Malheureusement, on en revient au même problème, ce tueur glaçant n’apparaît que trop rarement, au cours de la première partie de l’aventure, et l’on a tôt fait de perdre patience devant une enquête qui semble ne pas avancer. Il faut dire aussi que ce troisième volet est plus consistant que les deux précédents, proposant trois à cinq heures de temps de jeu supplémentaire, pour un total d’environ dix à douze heures, en prenant son temps. Alors bien sûr, l’action s’accélère et gagne en intérêt sur les derniers instants, mais elle est un peu trop molle sur la première moitié en contrepartie.
La mort en été
Comme pour tout Visual Novel, le genre étant assez difficile d’accès pour des raisons évidentes, il vaut mieux savoir où l’on met les pieds avant de se lancer. Autant le préciser d’emblée, Emio – L’Homme au Sourire : Famicom Detective Club ne joue pas dans la même cour qu’un Ace Attorney ou un 13 Sentinels : Aegis Rim. Pas de gameplay à proprement parler ici, ou du moins, pas de séquence différente nous aérant un peu l’esprit après une grosse quantité de texte ingurgitée. À ce niveau, le titre ne fait pas vraiment d’effort pour acclimater les néophytes.

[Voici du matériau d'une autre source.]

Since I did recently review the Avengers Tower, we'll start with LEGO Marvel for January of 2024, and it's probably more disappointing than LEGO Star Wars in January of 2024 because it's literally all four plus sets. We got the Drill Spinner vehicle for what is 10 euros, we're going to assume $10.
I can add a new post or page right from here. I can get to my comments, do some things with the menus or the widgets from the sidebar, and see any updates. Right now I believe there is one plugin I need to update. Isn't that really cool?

Emio – L’Homme au Sourire : Famicom Detective Club ne fait qu’un petit pas en direction des joueurs moins assidus, ou de ceux qui débutent dans le Visual Novel, en colorant les mots clés pendant les dialogues, et en proposant régulièrement des récapitulatifs interactifs. Des séquences mettant en scène le personnage principal, ainsi que son acolyte Ayumi, se remémorant les informations clés qu’ils ont pu apprendre au cours de leur enquête. Une idée intéressante, sur le papier, qui fonctionnera surtout chez ceux qui distillent leurs parties dans le temps. Les autres risquent malheureusement de les trouver rébarbatives, un peu trop récurrentes, et passablement inutiles, surtout dans la mesure où rater les interactions ne mène à aucune punition.

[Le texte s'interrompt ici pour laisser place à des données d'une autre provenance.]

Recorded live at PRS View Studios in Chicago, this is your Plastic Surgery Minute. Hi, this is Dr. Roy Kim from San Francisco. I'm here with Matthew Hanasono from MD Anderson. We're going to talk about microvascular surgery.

Les habitués du Visual Novel retrouveront leurs marques instantanément, avec une interface simpliste affichant ostensiblement les « actions » pouvant être réalisées. On peut ainsi interroger notre interlocuteur, lui montrer un objet en notre possession, ou encore examiner les environs. Rien qui ne demandera de grande réflexion, ni qui impliquera véritablement le joueur. Emio – L’Homme au Sourire est un Visual Novel dans la plus pure tradition du genre, comptant sur son histoire pour capter l’attention durablement, et c’est tout.
Et ça, il y arrive finalement assez bien, en dépit de chutes de rythme qui ternissent l’aventure. Parce que l’écriture est soignée, autant celle du fil rouge que des personnages de manière générale. Le titre se paye aussi de jolis rebondissements, dans un premier temps assez simples, mais efficaces, puis plus marquants à mesure que l’on progresse dans l’enquête. On ne peux évidemment pas vous en révéler davantage, mais on peut néanmoins vous dire que certains passages font vraiment froid dans le dos, et certaines révélations sont réellement surprenantes.
Enfin, il est bon de noter que le titre fait quelques rares références à des événements survenus dans les deux précédentes enquêtes de Famicom Detective Club. Détail qui fera sûrement plaisir aux habitués et aux fans, et qui ne dérangera guère les autres dans la mesure où ils ne seront jamais largués. Quant à la fin, puisqu’il faut bien en parler, elle a de quoi chambouler. On se gardera de vous en dire plus, bien entendu. Mais sachez néanmoins que rien que pour elle, on ne peut que recommander le titre à ceux qui apprécient le Visual Novel et qui ont le cœur bien accroché.